Solution. Any complete assignment \( \tilde{\mathbf{d}} \) that extends \( \mathbf{d}_{0:k} \) is feasible for the optimization defining \( V^\star(\mathbf{d}_{0:k}) \); the latter minimizes over all such extensions. Therefore
\[ J(\tilde{\mathbf{x}},\tilde{\mathbf{d}}) \ge V^\star(\mathbf{d}_{0:k}) \]
for any feasible pair \( (\tilde{\mathbf{x}},\tilde{\mathbf{d}}) \) with the given prefix. If an incumbent solution with cost \( J_\text{inc} \) is known and \( V^\star(\mathbf{d}_{0:k}) \ge J_\text{inc} \), no completion of \( \mathbf{d}_{0:k} \) can yield a better solution, so the branch can be safely pruned without losing optimality.
10. Summary
In this lesson we formulated Task and Motion Planning as a hybrid discrete–continuous optimization problem, highlighted logic–geometric and mixed-integer encodings of symbolic constraints, and connected TAMP to the trajectory optimization methods studied earlier in the course. We discussed solution approaches based on branch-and-bound over nonlinear trajectory optimizers and examined KKT conditions for the continuous subproblems. Finally, we sketched small implementations across several programming languages, illustrating how optimization-based TAMP can be integrated into real robot software stacks.
11. References
- Toussaint, M. (2015). Logic-geometric programming: An optimization-based approach to combined task and motion planning. Proceedings of the 24th International Joint Conference on Artificial Intelligence (IJCAI).
- Toussaint, M., & Lopes, M. (2017). Multi-bound tree search for logic-geometric programming in cooperative manipulation domains. Artificial Intelligence, 296, 103485.
- Dantam, N.T., Kingston, Z., Chaudhuri, S., & Kavraki, L.E. (2018). An incremental constraint-based framework for task and motion planning.

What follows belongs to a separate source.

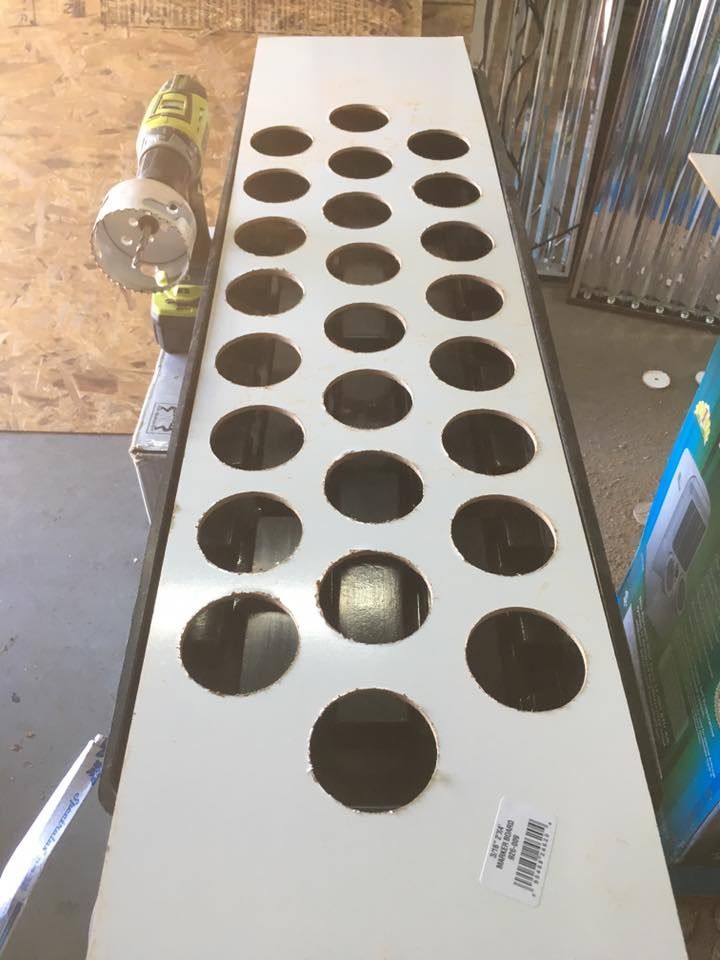 White rectangular board with evenly spaced circular holes, a power drill is nearby.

International Journal of Robotics Research, 37(10), 1134–1151.
- Garrett, C.R., Kaelbling, L.P., & Lozano-Pérez, T. (2021). Integrated task and motion planning. Annual Review of Control, Robotics, and Autonomous Systems, 4, 265–293.
- Posa, M., Cantu, C., & Tedrake, R. (2014). A direct method for trajectory optimization of rigid bodies through contact. International Journal of Robotics Research, 33(1), 69–81.

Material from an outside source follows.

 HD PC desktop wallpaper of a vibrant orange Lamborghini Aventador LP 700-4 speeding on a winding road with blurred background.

- Bonami, P., Biegler, L.T., Conn, A.R., Cornuéjols, G., Grossmann, I.E., Laird, C.D., Lee, J., Lodi, A., Margot, F., Sawaya, N., & Wächter, A. (2008). An algorithmic framework for convex mixed integer nonlinear programs. Discrete Optimization, 5(2), 186–204.
- Betts, J.T. (2010). Practical Methods for Optimal Control and Estimation Using Nonlinear Programming. SIAM.
- Bertsekas, D.P. (1999). Nonlinear Programming (2nd ed.). Athena Scientific.